Without transactions, you spend most of your time locking files. Without
code generation from constraints, you spend most of your time writing
redundant functions that could have been deduced from the constraints.
To conclude, there are essentially two things we fight: lack of feature
and power from software, and artificial barriers that misdesign of former
software build between computer objects and others, computer objects and
human beings, and human beings and other human beings.
A.16 Centralized code
There's been a craze lately about "client/server" architecture for computer
hardware and software. What is "client/server" architecture that many
corporations boast about providing ?
conceptually, a server is a centralized implementation for a library;
centralized => coarse-grained;
now, coarse grained => evil;
hence centralized => evil.
we also have centralized => network bandwidth waste.
only "advantage": the concept is simple to implement even by the dumbest
Do corporations boast about their programmers being dumb ?
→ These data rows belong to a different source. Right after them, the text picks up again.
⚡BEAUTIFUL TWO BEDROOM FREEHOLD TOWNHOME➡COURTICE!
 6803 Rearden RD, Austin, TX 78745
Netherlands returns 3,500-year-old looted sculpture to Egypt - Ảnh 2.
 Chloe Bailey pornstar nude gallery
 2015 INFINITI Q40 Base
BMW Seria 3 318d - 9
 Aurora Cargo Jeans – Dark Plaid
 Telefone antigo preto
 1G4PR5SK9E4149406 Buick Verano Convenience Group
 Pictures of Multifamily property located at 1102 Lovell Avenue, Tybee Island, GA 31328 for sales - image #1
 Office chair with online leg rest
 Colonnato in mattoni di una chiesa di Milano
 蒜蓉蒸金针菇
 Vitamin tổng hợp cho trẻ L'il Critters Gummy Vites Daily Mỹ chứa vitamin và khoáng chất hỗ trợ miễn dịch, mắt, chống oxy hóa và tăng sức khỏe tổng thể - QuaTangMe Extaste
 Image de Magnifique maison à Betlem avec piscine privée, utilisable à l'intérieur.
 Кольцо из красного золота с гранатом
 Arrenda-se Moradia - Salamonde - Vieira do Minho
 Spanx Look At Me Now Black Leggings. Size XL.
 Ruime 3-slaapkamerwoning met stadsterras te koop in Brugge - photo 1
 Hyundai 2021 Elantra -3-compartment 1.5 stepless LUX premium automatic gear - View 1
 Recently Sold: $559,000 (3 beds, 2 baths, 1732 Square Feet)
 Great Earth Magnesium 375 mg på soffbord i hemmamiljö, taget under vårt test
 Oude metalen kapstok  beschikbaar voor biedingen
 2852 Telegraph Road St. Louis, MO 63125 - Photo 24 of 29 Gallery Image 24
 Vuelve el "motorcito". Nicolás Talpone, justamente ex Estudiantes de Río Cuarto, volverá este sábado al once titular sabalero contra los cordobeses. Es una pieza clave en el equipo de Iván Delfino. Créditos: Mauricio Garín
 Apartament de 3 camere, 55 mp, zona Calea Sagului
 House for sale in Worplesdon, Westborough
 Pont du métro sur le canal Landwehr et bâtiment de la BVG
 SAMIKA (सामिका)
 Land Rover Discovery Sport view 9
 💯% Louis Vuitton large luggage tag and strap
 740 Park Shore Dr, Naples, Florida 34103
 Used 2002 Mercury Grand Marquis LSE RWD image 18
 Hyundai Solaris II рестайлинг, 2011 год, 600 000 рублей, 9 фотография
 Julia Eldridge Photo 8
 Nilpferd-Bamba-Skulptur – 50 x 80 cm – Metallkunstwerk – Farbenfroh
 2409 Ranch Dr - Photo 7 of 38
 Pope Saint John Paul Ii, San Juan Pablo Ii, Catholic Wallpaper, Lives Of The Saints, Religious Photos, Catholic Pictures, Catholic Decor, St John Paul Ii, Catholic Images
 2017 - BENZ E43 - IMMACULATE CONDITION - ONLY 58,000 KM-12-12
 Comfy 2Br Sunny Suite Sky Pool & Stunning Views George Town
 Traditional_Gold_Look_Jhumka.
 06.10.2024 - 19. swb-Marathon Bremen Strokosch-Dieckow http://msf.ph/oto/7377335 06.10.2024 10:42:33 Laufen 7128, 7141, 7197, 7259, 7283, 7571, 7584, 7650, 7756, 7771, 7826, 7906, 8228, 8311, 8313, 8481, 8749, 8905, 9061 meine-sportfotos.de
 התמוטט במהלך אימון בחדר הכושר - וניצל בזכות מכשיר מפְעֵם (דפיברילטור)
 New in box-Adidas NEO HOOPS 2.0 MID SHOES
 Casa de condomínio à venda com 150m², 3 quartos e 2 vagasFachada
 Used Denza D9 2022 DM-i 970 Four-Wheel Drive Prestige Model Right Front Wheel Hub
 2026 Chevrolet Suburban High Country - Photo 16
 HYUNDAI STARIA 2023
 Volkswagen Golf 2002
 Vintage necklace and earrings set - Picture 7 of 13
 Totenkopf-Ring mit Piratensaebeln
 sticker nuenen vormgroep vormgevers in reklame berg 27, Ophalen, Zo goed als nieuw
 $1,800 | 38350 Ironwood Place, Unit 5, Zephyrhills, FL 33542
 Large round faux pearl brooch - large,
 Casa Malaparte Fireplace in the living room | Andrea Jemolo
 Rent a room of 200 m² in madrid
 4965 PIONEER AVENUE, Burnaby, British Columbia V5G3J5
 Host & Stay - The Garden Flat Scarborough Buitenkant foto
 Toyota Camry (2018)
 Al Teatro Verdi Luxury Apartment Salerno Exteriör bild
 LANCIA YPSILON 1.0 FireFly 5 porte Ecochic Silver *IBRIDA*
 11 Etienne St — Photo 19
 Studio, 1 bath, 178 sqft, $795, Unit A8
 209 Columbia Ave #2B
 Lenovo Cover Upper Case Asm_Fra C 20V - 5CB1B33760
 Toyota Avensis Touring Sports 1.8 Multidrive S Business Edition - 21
A very common way to share code is to write a code "server" that will
include tests for all the different cases you may need in the future and
branch to the right one.
Actually, this is only some particular kind of library making,
but much more clumsy,
as a single entry point will comprise all different behaviours needed.
This method proves hard to design well,
as you have to take into account all possible cases to arise,
with predecided encoding,
whereas a good encoding would have to take into account actual use
(and thus be decided after run-time measurements).
The obtained code is slow as it must test many uncommon cases;
it is huge, as it must take into account many cases,
most of them seldom or never actually used;
it is also uneasy to use, as you must encode and decode the arguments
to fit its one entry point's calling convention.
It is very difficult to modify,
but by adding new entries and replacing obsolete subfunctions by stubs,
because it would else break existing code;
it is very clumsy to grant partial access to the subfunctions,
as you must filter all the calls;
security semantics become very hard to define.
Centralized code is also called "client-server architecture";
the central code is called the server,
while those who use it are called clients.
And we saw that a function server is definitely something that no sensible man
would use directly;
human users tend to write a library that will encapsulate calls to the server.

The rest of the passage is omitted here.